Muss man nun eine Recording-Session von 16 Songs auf ein 3-CD-Digi-Pack aufblasen? Muss man nicht, aber man kann.

Diese Aufnahmen erschienen zum großen Teil bereit auf den “Bang Masters“ im Jahr 1991 und die Bootlegger-Fraktion hat oder kennt zumindest auch die “Contractual Obligation Session“, mit der Van Morrison seine vertraglichen Verpflichtungen mit “Bang“ auf seine ganz eigene Weise “erfüllte“.
Van sowie Produzent Bert Berns und Techniker Andrew Sandoval äußern sich im Booklet ausführlich sodass wir uns noch einen Blick auf und ein Ohr für die Musik erlauben können. Brown Eyed Girl eröffnet den Reigen und klingt frisch wie eh und je. Manche Songs werden einfach nicht älter und das Good-Time-Feeling, das dieser Song transportiert, spricht einen auch heute noch umgehend an. Nichtsdestotrotz fühlt man sich natürlich gleich wie in den Golden Sixties und vor allem – aber nicht nur – bei He Ain’t Give You None fällt mir wieder einmal auf, wie ähnlich der Gesang von Morrison und Mick Jagger damals war. Das lag natürlich auch an der sehr ähnlichen - R&B- und Soul-beeinflussten – Musikrichtung, die man beschritt, aber irgendwo hatten die beiden Sänger doch eine äußerst ähnliche Herangehensweise, ein ähnliches Feeling. Wenngleich letztlich die Klasse bei Van etwas größer war. Der konnte denn auch eine fast 10-minütige Nummer, wie T.B. Sheets spannend halten. Der amerikanische Einfluss wird bei dieser Aufnahme, gerade was die Orgel angeht, schon sehr deutlich.
Zu den bekanntesten Songs gehört natürlich noch Spanish Rose, aber eigentlich hat jeder Song hier seine Reize und der Klang hier ist hervorragend.

Durchaus interessant, sind die Demos und verschiedenen Aufnahmestadien der Songs, die auf der zweiten CD zu finden sind. Da kann man unter anderem erleben, wie ein Hit wie Brown Eyed Girl sich entwickelt hat. Da kriegt man auch ein bisschen Studio-Talk mit und verschiedene Anläufe, die wieder abgebrochen werden mussten. Trotzdem alles hochkarätig und fern von Bootleg-Aufnahmen vergangener Zeiten.
Die “Vertragserfüllungs-Songs“ auf der dritten CD sind schon allein von ihren Titeln her nicht als vollwertig zu nehmen.
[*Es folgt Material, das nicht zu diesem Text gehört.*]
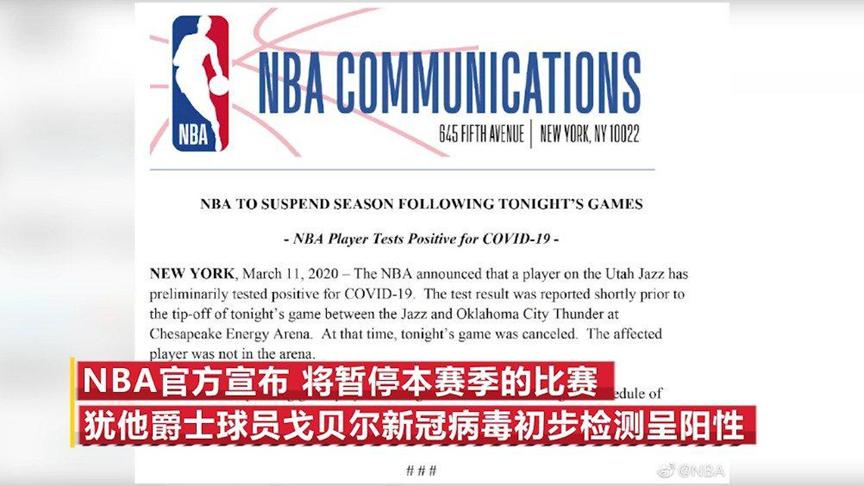 戈贝尔已确诊新冠病毒感染 为NBA首例球员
Van Morrison reiht hier teils Sätze immer wieder hintereinander oder improvisiert seinen Gesang. Dazu begleitet er sich selbst auf der Akustischen. Und trotzdem sind das durchaus gut zu hörende Songs. Erinnert an die frühen Aufnahmen von Bob Dylan, wenn auch textlich natürlich nicht damit zu messen. Man sieht und hört aber, dass ein Künstler von der Klasse Van Morrisons auch dann noch etwas Ansprechendes abliefert, wenn er das eigentlich gar nicht vorhat.
Wer schon ausreichend mit “Bang“-Material versorgt ist, muss hier nicht gleich mit den Füßen scharren, aber der Rest darf sich hier ruhig mal mit vertraut machen.